Davide, il vostro ritorno in Prima è coinciso con un rotondo 4-2 sul campo del Santhià. La gara ti ha visto protagonista con una doppietta, che partita è stata?

"E' stata una partita piuttosto combattuta. Il primo tempo è stato abbastanza equilibrato, nella ripresa loro sono calati fisicamente mentre invece noi siamo venuti fuori e abbiamo vinto meritatamente. Anche perché a ben guardare non abbiamo concesso quasi niente. Loro hanno segnato su rigore, netto, e su un altro calcio piazzato quindi ci meritiamo i tre punti presi nel giorno del nostro ritorno in Prima categoria".

La Prima B è il girone che conosciamo meno, voi del Romagnano siete l'unica rappresentante del nostro calcio provinciale. Avete un'idea precisa delle vostre avversarie? Chi sono a tuo parere le favorite del torneo?

"Il torneo è nuovo anche per noi che abbiamo sempre affrontato rivali dei gironi ossolani quindi io stesso non saprei dire molto in proposito. A quel che si dice però il Città di Cossato e il Vigliano dovrebbero essere le squadre in grado di ammazzare il campionato anche se non le conosco molto bene. Noi vogliamo provare a giocarcela con tutte avendo come primo obiettivo quello della salvezza. A salvezza acquisita, speriamo in fretta, prenderemo quel che verrà".

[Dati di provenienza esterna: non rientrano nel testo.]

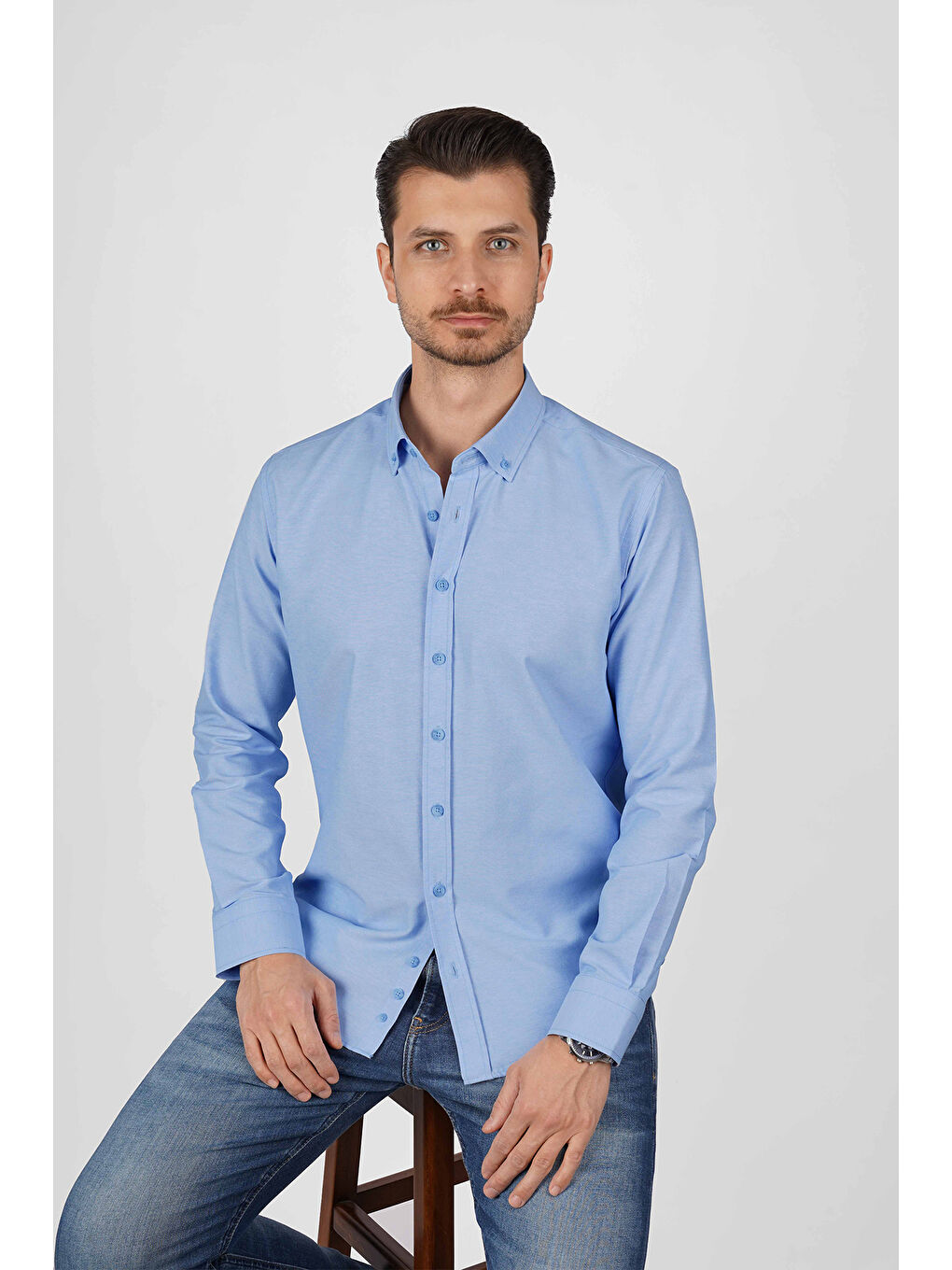 Koyu Mavi Yaka Düğmeli Premium Şamre Slimfit Erkek Gömlek-2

Sei a Romagnano da diversi anni, se non sbaglio è anche il luogo in cui vivi. Puoi già fare un bilancio della tua esperienza in granata?

"Io gioco a Romagnano da quando sono bambino, ho avuto solo una parentesi biennale a Cossato dove ho giocato nella juniores nazionale. Sono poi tornato qui, perché è qui che mi sento a casa. Io e il capitano Ponzetto abbiamo fatto tutta la trafila insieme. Abbiamo sposato una causa e la portiamo avanti, anche perché c'è un gruppo in questa società che rappresenta davvero il punto di forza. Siamo tutti amici, l'ossatura della squadra è fatta da ragazzi che si frequentano anche al di fuori del calcio. Ci sono poi ragazzi di fuori e innesti ogni stagione, ma l'ossatura è pluriennale. La stagione scorsa salire dopo averci provato per tre anni è stata una grande gioia. Un obiettivo che magari per altri giocatori di altre squadre può significare poco, ma per noi è stata una vittoria collettiva, una grossa soddisfazione. Ci sono state in questi anni anche possibilità di cambiare squadra rimanendo nella zona, ma con questi presupposti preferisco rimanere nella mia società".

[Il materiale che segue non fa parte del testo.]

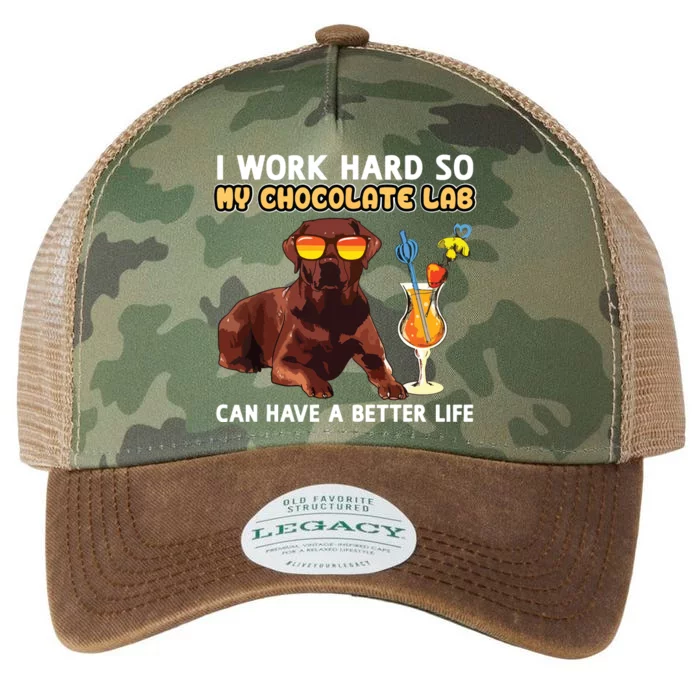 Funny Chocolate Lab Design Chocolate Labrador Lovers Legacy Tie Dye Trucker Hat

Il tuo campionato inizia con una doppietta. Hai fissato un obiettivo personale? Qual è il tuo record?

"Non sono un vero e proprio goleador perché gioco esterno o come seconda punta. Nelle ultime due stagioni ne ho fatti 12 e 13. In Prima spero di arrivare alla doppia cifra e anche lì, quel che viene in più è tanto di guadagnato. Per il record non saprei dirti, non credo più di 15 reti".